You were wrongfully convicted for a crime you didn't commit, enduring pretty much the worst thing that can happen to a person. You spend years or decades in jail. Then, through some miracle, you find yourself exonerated. You're free to go. You're one of the lucky few wrongly-convicted prisoners to find justice.
What do you do then? You've lost a big chunk of your life, you're traumatized, you have trouble "catching up" to technology, and whenever you apply for a job you must mark "Yes" when asked whether you've been convicted of a felony. The profound blight on your record will always come up on web searches, you're flat broke, and nobody in the system has apologized...or will. In fact, many prosecutors refuse to even acknowledge exonerees.

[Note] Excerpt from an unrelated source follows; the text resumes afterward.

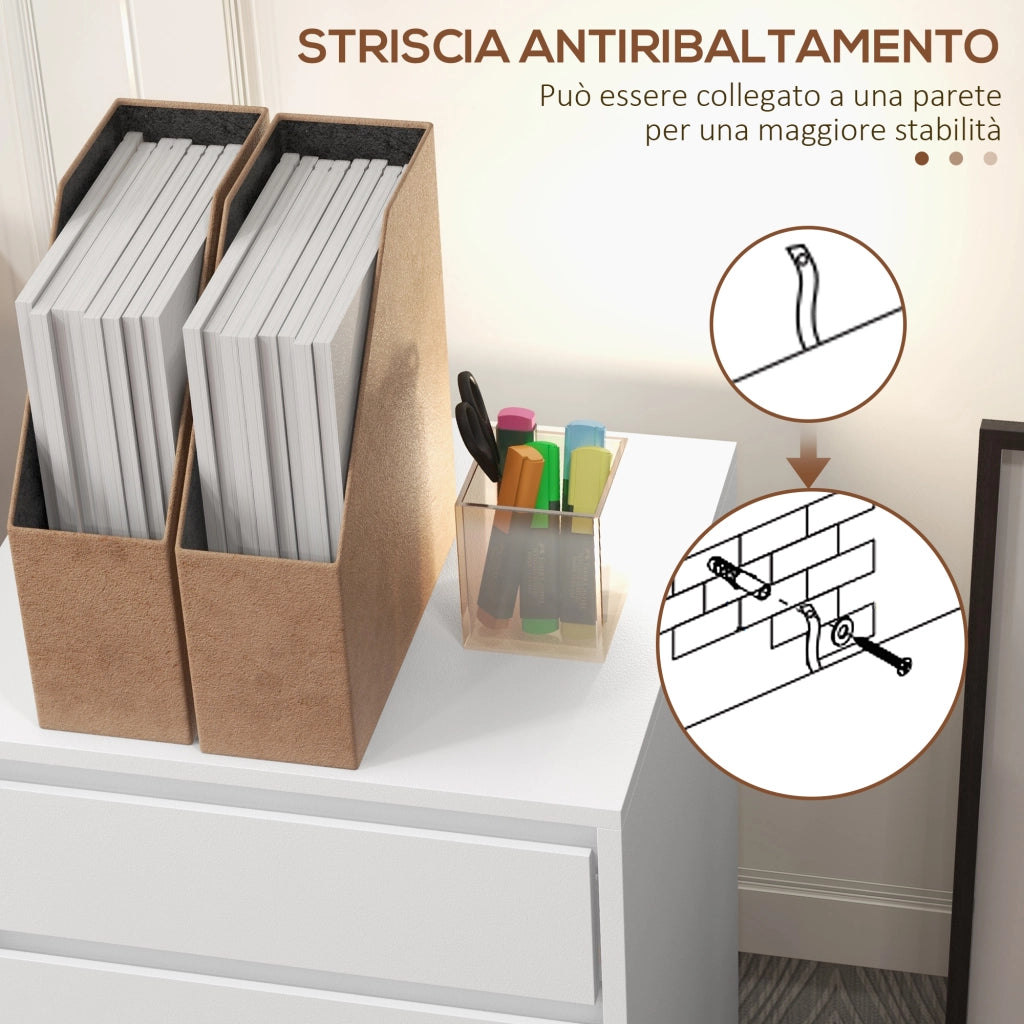 Cassettiera da Ufficio 46x40x65 cm con 4 Cassetti e Ruote con Freno in Legno MDF Bianco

There is nothing within our system to help, guide, or reintegrate exonerated prisoners. They reenter society with nearly all the same burdens as ex-felons. It's a national disgrace.
Three things you can do:
1. Watch a superb TV show fictionalizing one such situation. The short first season of "Rectify" just ended, and it's been renewed for a second. Catch it on the Sundance Channel, or occasional reruns on AMC, but be warned: it's a slow-paced, subtle, contemplative show. Don't expect 21st century pacing or lots of "action".
2. Listen to this informative 34 minute report from NPR's "Talk of the Nation" on this subject.
3. Join me in donating to Resurrection After Exoneration, a tiny, grass-roots group run entirely by exonerees that is pretty much the only place in the country these folks can turn to for support.